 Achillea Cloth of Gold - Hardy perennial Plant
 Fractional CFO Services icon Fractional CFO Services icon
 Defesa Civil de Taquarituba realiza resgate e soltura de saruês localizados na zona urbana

* * *

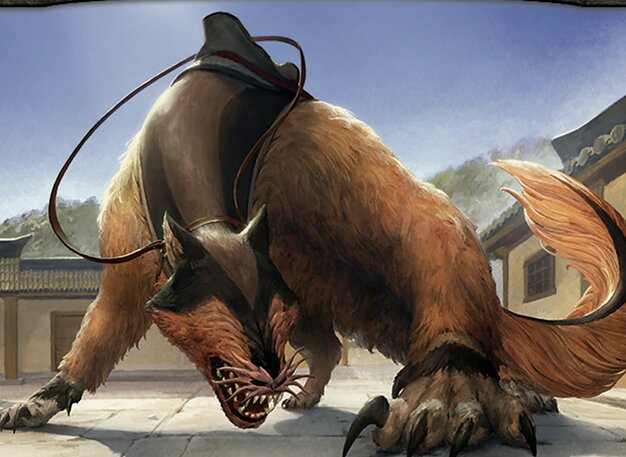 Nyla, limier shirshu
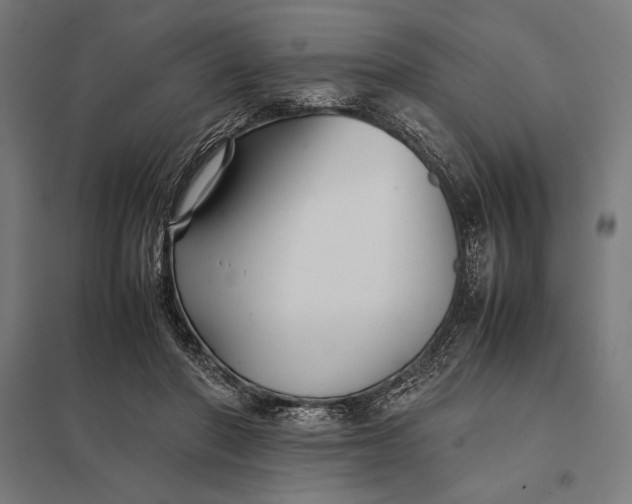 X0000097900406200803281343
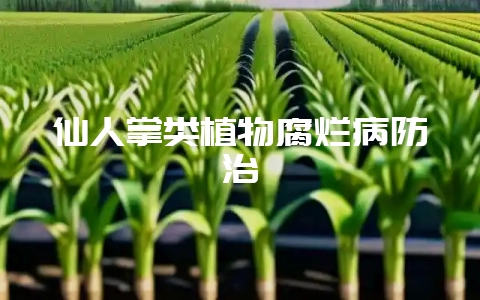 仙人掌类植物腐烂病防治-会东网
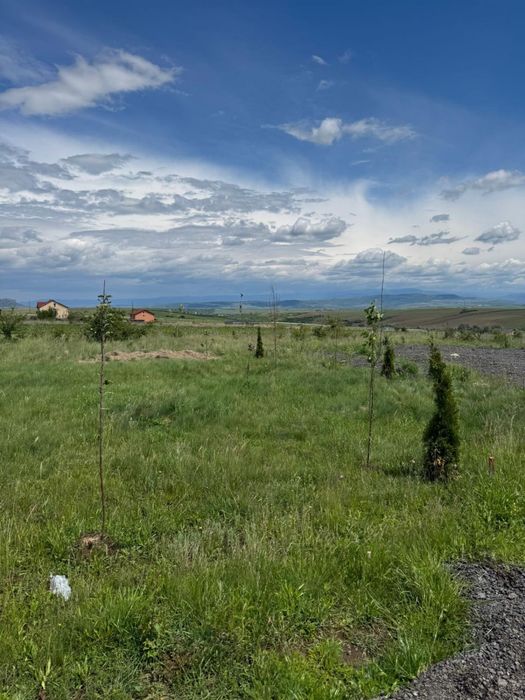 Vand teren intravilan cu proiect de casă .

■ **Aim of the exercise**
The required answer is the run of lines above, starting at the line with "Achillea Cloth of" and ending at the line with "Defesa Civil de", reproduced exactly with both ends.

■ **Task solution**
 Achillea Cloth of Gold - Hardy perennial Plant
 Fractional CFO Services icon Fractional CFO Services icon
 Defesa Civil de Taquarituba realiza resgate e soltura de saruês localizados na zona urbana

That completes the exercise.